For those of you people who ride rollers or on trainers, what do you do while you are pedaling.  After 4 or 5 miles I get bored beyond belief.  I've tried watching portions of the TDF on the tv, that helped, but I only have a few stages taped.
Any suggestions?


----------



## TheBEast (Apr 2, 2011)

Last summer I set-up the bike in the garage and would listen to the Sox game on the radio.  Really could only stand 30 minutes or so on the trainer.


----------



## Nick (Apr 3, 2011)

I have a treadmill in my basement with a tiny crappy TV on it. I use the treadmill fairly regularly - at least 2 - 3 x per week for over 2 years now. Unless it's nice out then I run outside. 
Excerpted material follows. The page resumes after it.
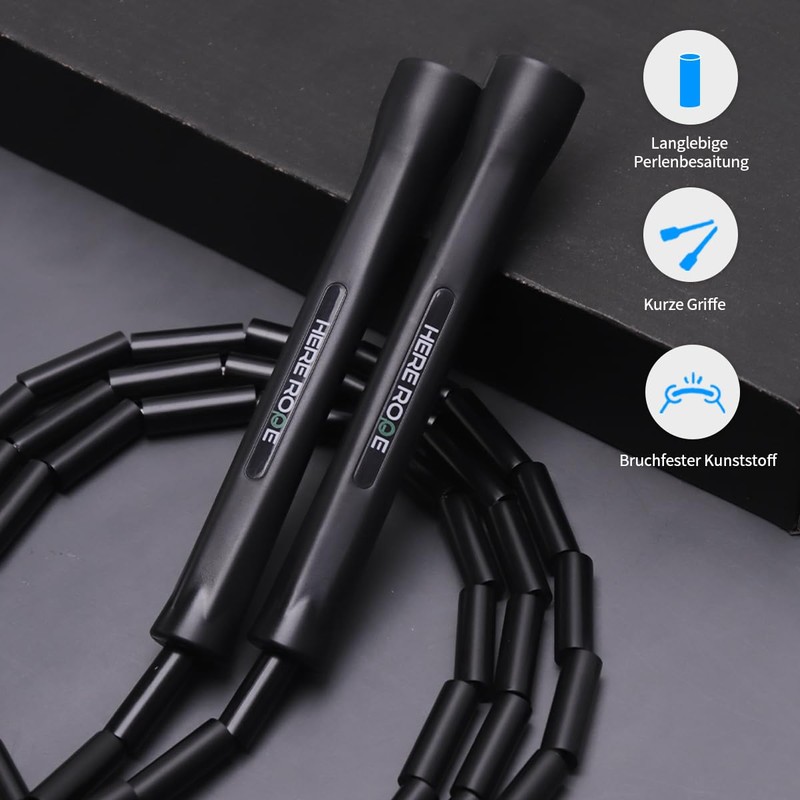 HEREROPE Beaded Rope Adjustable Bead Skipping Rope Unbreakable Handles &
I usually watch TV on it or read my Kindle. I'm typically on it for 37-45 minutes (5-6 miles). It can get a little tedious but if something good is on or i'm reading a good book it helps. Not sure how you'd read a book on rollers though. I've never actually tried those


----------



## mondeo (Apr 3, 2011)

I have an amazing ability to zone out. I've done 10 mile treadmill runs, about 75 minutes. Just listen to music and let my mind go. Don't have a trainer, but I do the same for excercise bike/stair climber/elliptical sessions, they just tend to be shorter. If I had a trainer, it would probably push me over the edge to getting a TV for my basement. It's workshop functionality at the moment doesn't warrent a TV by itself.


----------



## drjeff (Apr 4, 2011)

I will admit that when I upgraded the cable box in my basement, where my treadmill, recumbant bike, my wife's trainer and my skier's edge are to one with a DVR and in-demand, it got much easier to go for 45 to as much as 90 minutes and not be bored out of my mind.


----------



## marcski (Apr 4, 2011)

This winter for the first time I got totally into my trainer.  I love my road bike....I am extrmemely dialed in on it at this point...very comfortable.  I dvr'd every world cup ski race .  And I would watch them. The key to riding indoors is to do interval training... I always use my heart rate monitor and after warming up for 2-3 minutes I will crank up the gears and get out of the saddle for 2 minutes.  Sit, Lower gears again and recover for one minute and repeat. I never let my hr drop below my average. If it comes close, crank up the gears and stand and climb harder.   After 45 mins of more of the same, depending on my energy level, my avg hr is into the mid 150's.  Its a very good workout.  Not like riding my regular 95 minute morning training ride, but pretty Good.


----------



## ts01 (Apr 5, 2011)

Netflix / action movies / self explanatory

http://www.spinervals.com/ - cheesy but effective

http://www.thesufferfest.com/ - race videos with good music and workout instructions


----------



## marcski (Apr 5, 2011)

ts01 said:


> Netflix / action movies / self explanatory
> 
> http://www.spinervals.com/http://www.thesufferfest.com/ - race videos with good music and workout instructions



A buddy recently told me that he used these all winter as well...and enjoyed them.


----------